DATASET.
________________

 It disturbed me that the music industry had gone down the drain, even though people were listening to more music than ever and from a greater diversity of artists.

________________

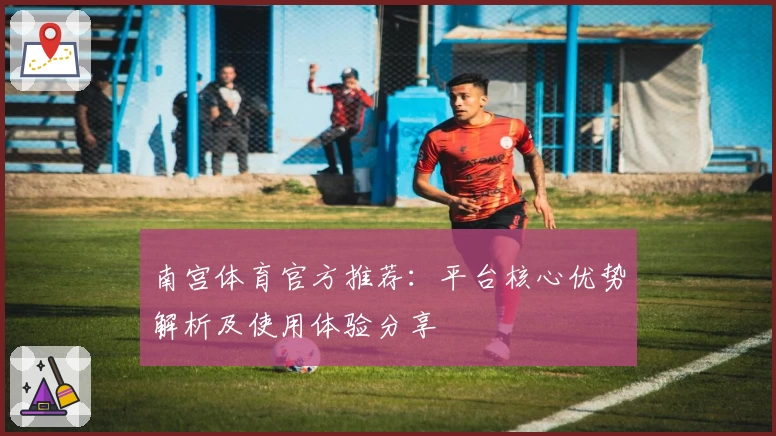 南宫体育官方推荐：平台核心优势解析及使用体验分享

________________

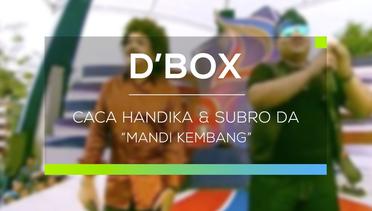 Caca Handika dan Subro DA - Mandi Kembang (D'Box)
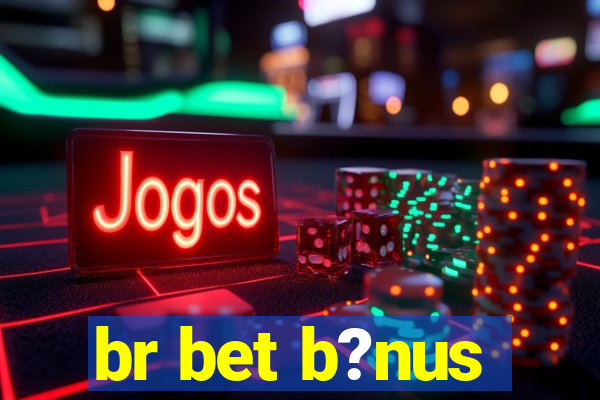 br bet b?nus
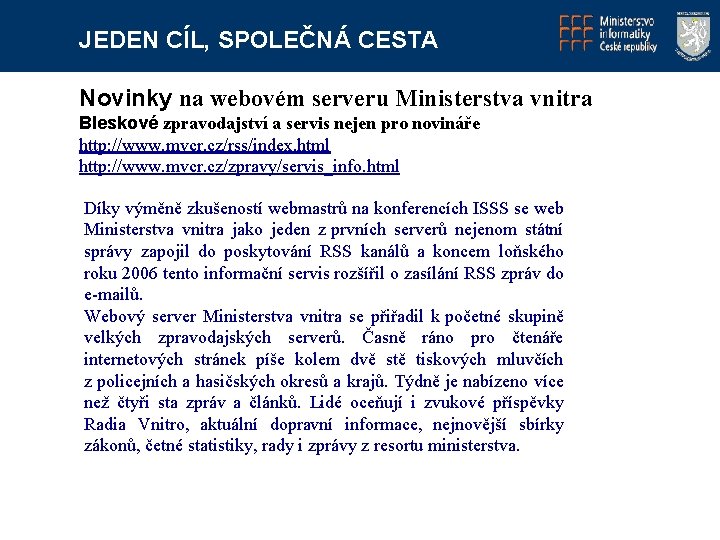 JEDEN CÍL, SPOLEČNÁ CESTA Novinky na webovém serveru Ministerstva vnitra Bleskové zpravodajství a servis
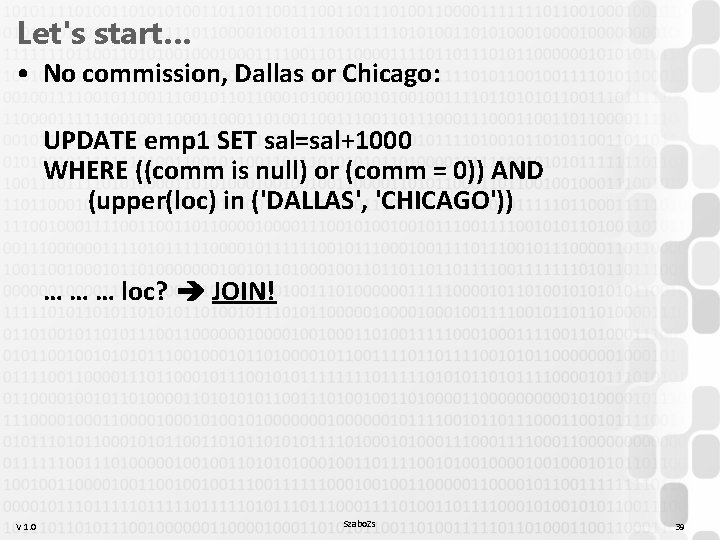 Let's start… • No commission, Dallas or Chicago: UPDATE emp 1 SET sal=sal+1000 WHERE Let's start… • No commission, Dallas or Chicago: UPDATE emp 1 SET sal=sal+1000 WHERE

________________

EXERCISE INSTRUCTIONS.
Using the data above, retype exactly and only the lines from the one containing "JEDEN CÍL, SPOLEČNÁ" up to and including the one containing "sal=sal+1000 WHERE Let's", with no pictures carried over.

RESULT OF THE TASK.
 JEDEN CÍL, SPOLEČNÁ CESTA Novinky na webovém serveru Ministerstva vnitra Bleskové zpravodajství a servis
 Let's start… • No commission, Dallas or Chicago: UPDATE emp 1 SET sal=sal+1000 WHERE Let's start… • No commission, Dallas or Chicago: UPDATE emp 1 SET sal=sal+1000 WHERE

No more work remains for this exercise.